На концерте все разъяснилось. Я запутался в самом конце этюда, там, где начинается перезвон. С тех пор я редко играю этот этюд в концертах, а сны стараюсь запоминать.

Самый красивый перезвон в Ростове! Там есть легенда про большой колокол, звонивший в миноре. Это угнетало митрополита, ему казалось, что в него вселяются бесы. Тогда он приказал снять колокол и поменять лад на мажорный.

Так ведь и Скрябин. Я специально играю прелюдию ор. 51 № 2 — это его последняя вещь в миноре. Учтите — еще не написана Пятая соната!

(Останавливаемся у скрябинского белого мрамора.)

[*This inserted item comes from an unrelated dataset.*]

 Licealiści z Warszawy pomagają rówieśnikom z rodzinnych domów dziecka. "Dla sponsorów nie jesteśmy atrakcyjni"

Памятник хороший, но лучше всего надпись: СКРЯБИН. Без комментариев. Наверное, он уже понял, что его указание: «с небесным сладострастием» тут неисполнимо. Вот на их клавиатуре, небесной…

Там, наконец, можно достичь pianissimo — тишайшее. Чтобы в «Бабочках» шум карнавальной ночи действительно у-га-сал. А «Террасу» можно сыграть так, что французы не скажут: тихо [133]. Я и так грохочу, а ведь надо «presque plus rien», то есть «почти исчезая».

(У памятника Нейгаузу).Этому и учил Генрих Густавович, когда я проходил с ним Тридцать первую сонату. Он показал мне эскиз Иванова «Архангел Гавриил поражает Захария немотою» [134]. Adagio — мысль, состояние, которое нужно передать любым способом, только не словами. Я посылаю вам нотную строчку — она вам заменяет слова. Вы получили мою открытку с Равелем?.. [135]«Человек открывает рот от пустоты, от того, что в этот момент его оставляет Бог», — не помню, кто это сказал.

Вам нравится эта крышка? Она означает: жил пианист Нейгауз. Его дом был — рояль. Но ведь Нейгауз был больше, чем пианист. Он вынимал из тебя душу, проводил над ней опыты. а потом возвращал — обогащенную, красивую.

Кому-то роют свежую могилу. Рихтер долго наблюдает, а могильщик напевает свою песню. «Знаете, что он поет? — спрашивает Рихтер. — Вот и я не знаю… Это как в «Гамлете»: привычка сделала для него это копание самым простым делом».

Помните, мы с Фишером-Дискау исполняли песню «Тоска могильщика»? Он переходил на такое pianissimo, не снимая с дыхания. Я уже не знал, как утопить звук (напевает Шуберта).«Пробьет мой час и кто же зароет меня?»

Зарыть желающие найдутся… даже с удовольствием. Вот кто потом ходить будет? Знаю — Наташа Журавлева, чуть реже — Олег… А вы снизойдете? Только заклинаю: одну белую розу, длинную. Никаких гладиолусов. Если гладиолусы, то фиолетовые.